# Is there a way to copy DVR recordings to a PC?



## tmarsh151 (Sep 27, 2007)

Hi, 

I have the HR20 networked via my DSL modem. Is there a way to copy recordings from the DVR to a PC so that I can burn them to DVD?

Any help would be appreciated.

Tom


----------



## Michael D'Angelo (Oct 21, 2006)

no


----------



## MountainMan10 (Jan 31, 2008)

Goto www.myhava.com The Hava will take video out from the DVR and broadcast it over the network. You can record the stream on a PC.

There is also a device called the Slingbox and Sony has a similar box.

It does not copy it directly to the PC, but you can play a show and record it on the PC, much like recording to a VCR.


----------



## tmarsh151 (Sep 27, 2007)

MountainMan10 said:


> The Hava will take video out from the DVR and broadcast it over the network. You can record the stream on a PC.
> 
> There is also a device called the Slingbox and Sony has a similar box.
> 
> It does not copy it directly to the PC, but you can play a show and record it on the PC, much like recording to a VCR.


Thanks for the information!


----------



## jhillestad (Jan 13, 2007)

Easiest way to make a dvd is just buy a stand alone dvd recorder and hook it to your dvr via S-Video and your done.


----------



## Dirac (Apr 24, 2007)

Similarly, if you have a PC with a video-in video-out (VIVO) capability, you can connect the receiver's S-Video output to your video card, and use capture software to save the video.


----------



## ansky (Oct 11, 2005)

Dirac said:


> Similarly, if you have a PC with a video-in video-out (VIVO) capability, you can connect the receiver's S-Video output to your video card, and use capture software to save the video.


That's what I do and it works pretty well. I bought a TV tuner card for my laptop on Ebay for about $30. It came with video capture software. So I just ran an S-video line out of the HR20 along with audio cables and connected them to the tuner card. The only downside is even short video clips take up a tremendous amount of hard drive space if you want decent quality.


----------



## Stuart Sweet (Jun 19, 2006)

Standalone DVD recorder works pretty well when combined with a DVD ripping program, and Pinnacle makes a device that does video capture directly to the PC. However, these are both SD-only solutions. An HD solution would be prohibitively expensive. 

At CES DIRECTV showed two things: PC playback, which gives you direct access to your playlist on your PC, and HDPC which is a DIRECTV receiver solution that connects to Windows Media Center. When released, both might satisfiy your requirements.


----------



## dyker (Feb 27, 2008)

Many of us are eagerly awaiting the Hauppauge HD Recorder. In fact, I considered keeping my Sage home-built and using these (once they are available) but thought I'd give the HR21s a try instead. But once available I can back up the HD content to DVD, Blue Ray, or whatever.

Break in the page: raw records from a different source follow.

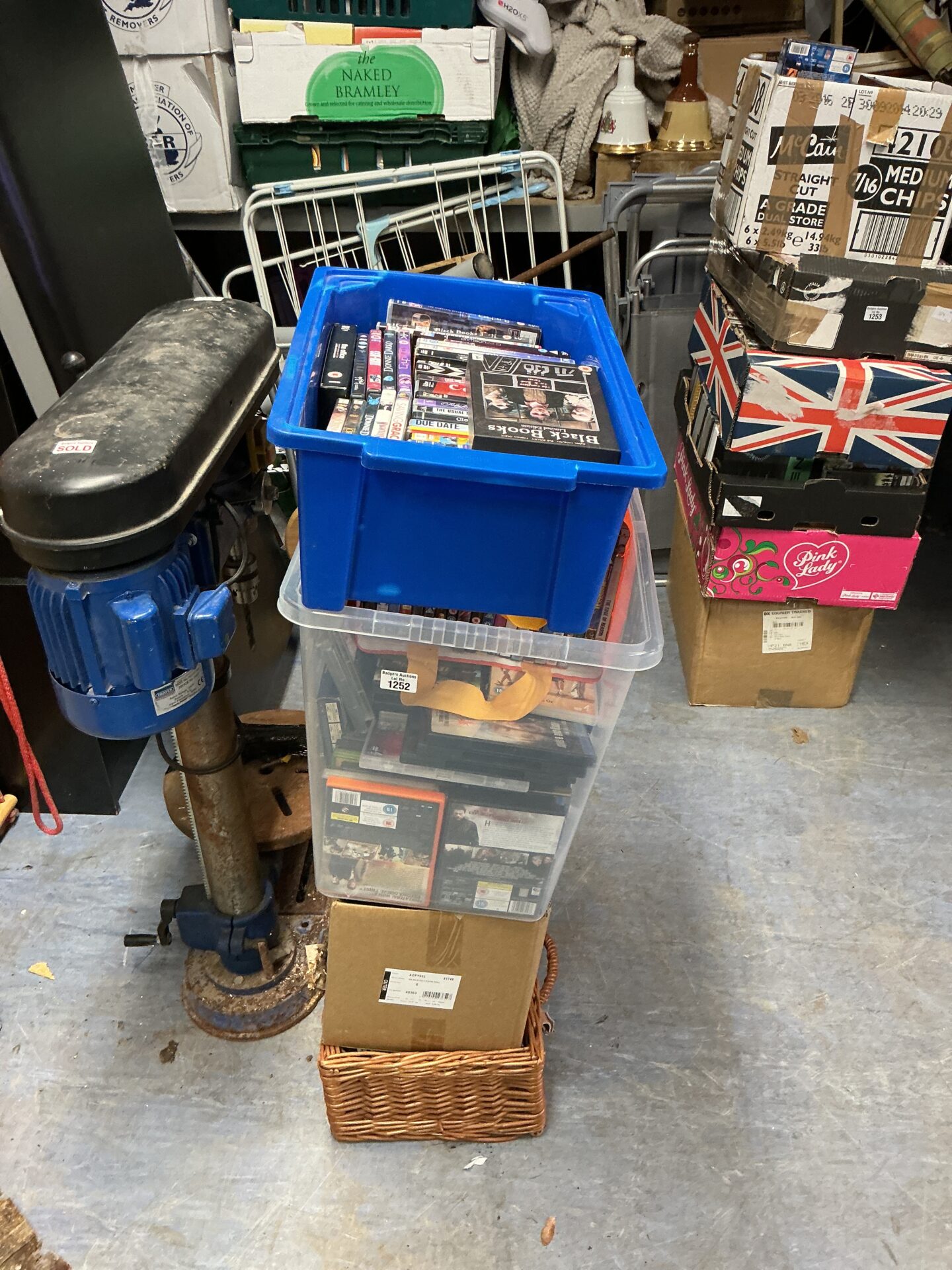 1252 Large quantity of DVDs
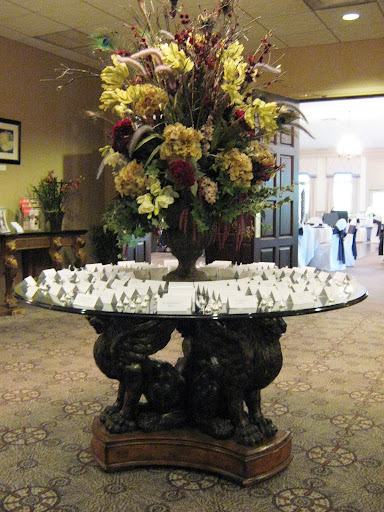 Entrance piece and escort cards at Polo Fields, Ann Arbor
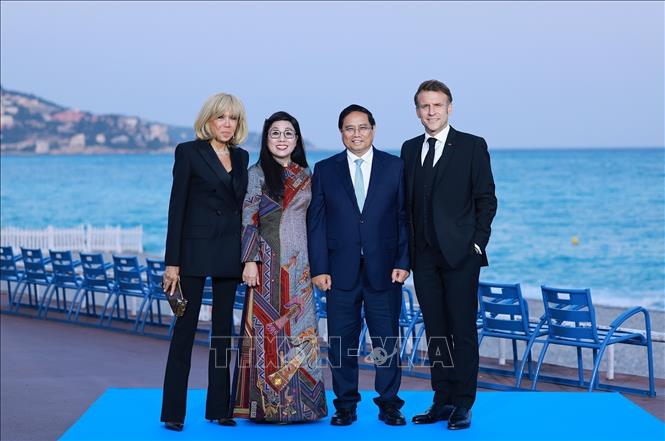 Prime Minister Pham Minh Chinh and his spouse and French President Emmanuel Macron and his spouse. VNA Photo: Dương Giang
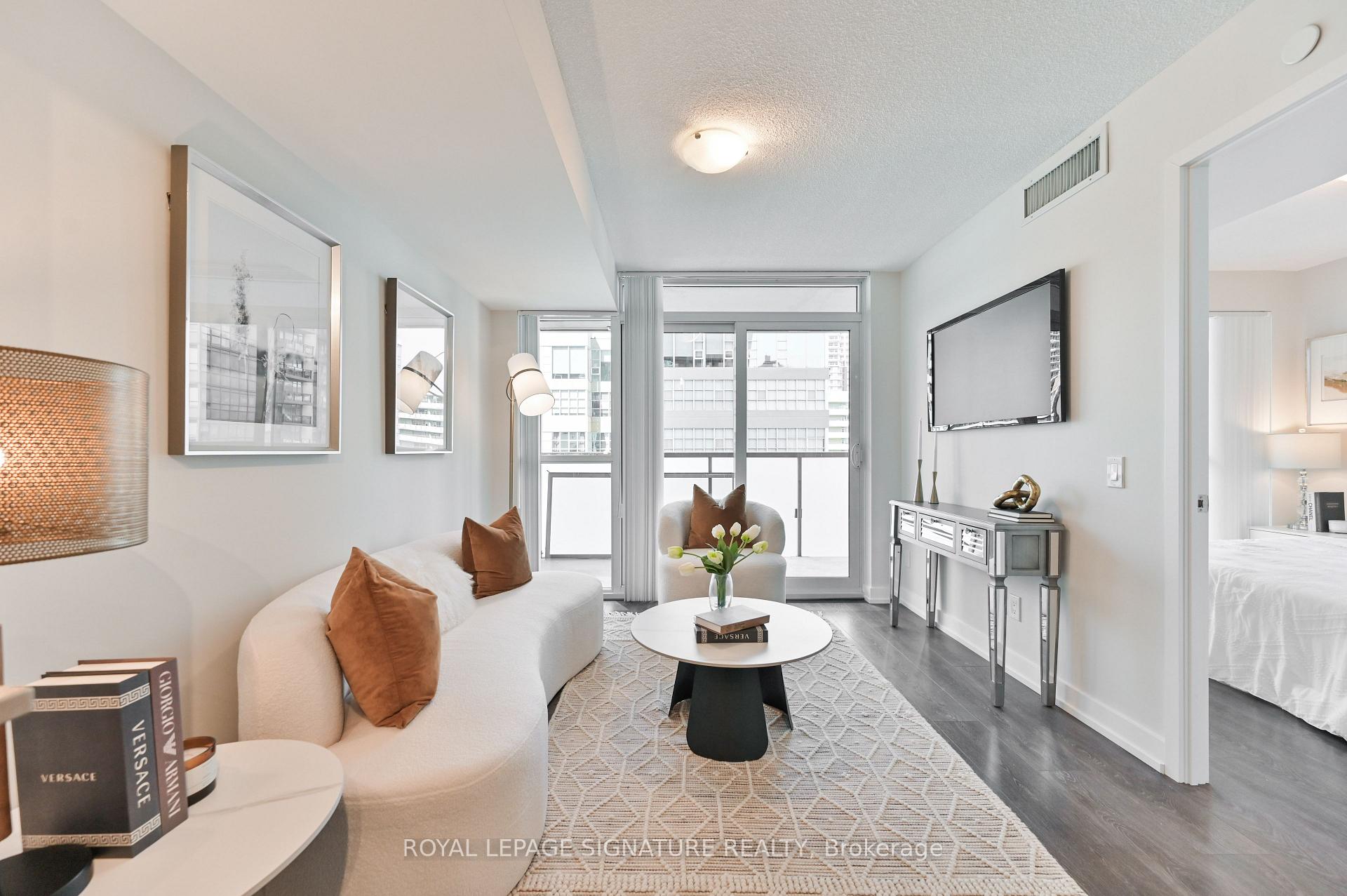 Photo 12 of Unit 606, 125 Redpath Avenue, Toronto, Mount Pleasant West — HOMEH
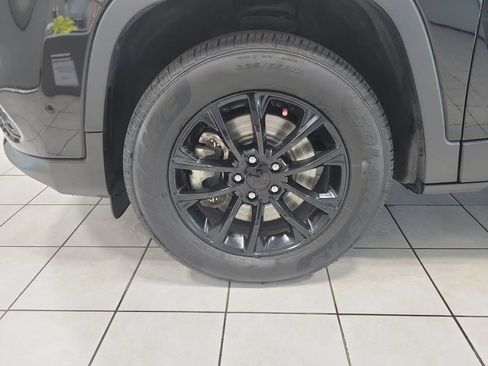 Certified 2023 Jeep Cherokee Altitude Lux AWD/4WD image 44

Maybe once available the Sage homebuilt will become forefront in the entertainment rack again.


----------



## bhelton71 (Mar 8, 2007)

dyker said:


> Many of us are eagerly awaiting the Hauppauge HD Recorder. In fact, I considered keeping my Sage home-built and using these (once they are available) but thought I'd give the HR21s a try instead. But once available I can back up the HD content to DVD, Blue Ray, or whatever.
> 
> Maybe once available the Sage homebuilt will become forefront in the entertainment rack again.


That should be interesting - there are a lot of thoughts that come to mind about that.

I have always heard it takes a quad-core processor to handle transcoding MPEG2 to h264 in realtime.

If it actually makes it out into production at a recommended price of 249 - thats kind of cheap. So what kind of quality will you get ?

And lastly - does anyone really know if it will work with a satellite settop ? There are a lot of competing ways to block the analog hole - who knows how many exist in the box already ?


----------



## ulbonado (Nov 29, 2007)

bhelton71 said:


> I have always heard it takes a quad-core processor to handle transcoding MPEG2 to h264 in realtime.


With a general purpose processor doing the encoding in software that may be true. But the Hauppauge unit will have a dedicated H.264 encoder in hardware, which should make it a lot faster.


----------



## veryoldschool (Dec 10, 2006)

bhelton71 said:


> I have always heard it takes a quad-core processor to handle transcoding MPEG2 to h264 in realtime.
> If it actually makes it out into production at a recommended price of 249 - thats kind of cheap. So what kind of quality will you get ?
> And lastly - does anyone really know if it will work with a satellite settop ? There are a lot of competing ways to block the analog hole - who knows how many exist in the box already ?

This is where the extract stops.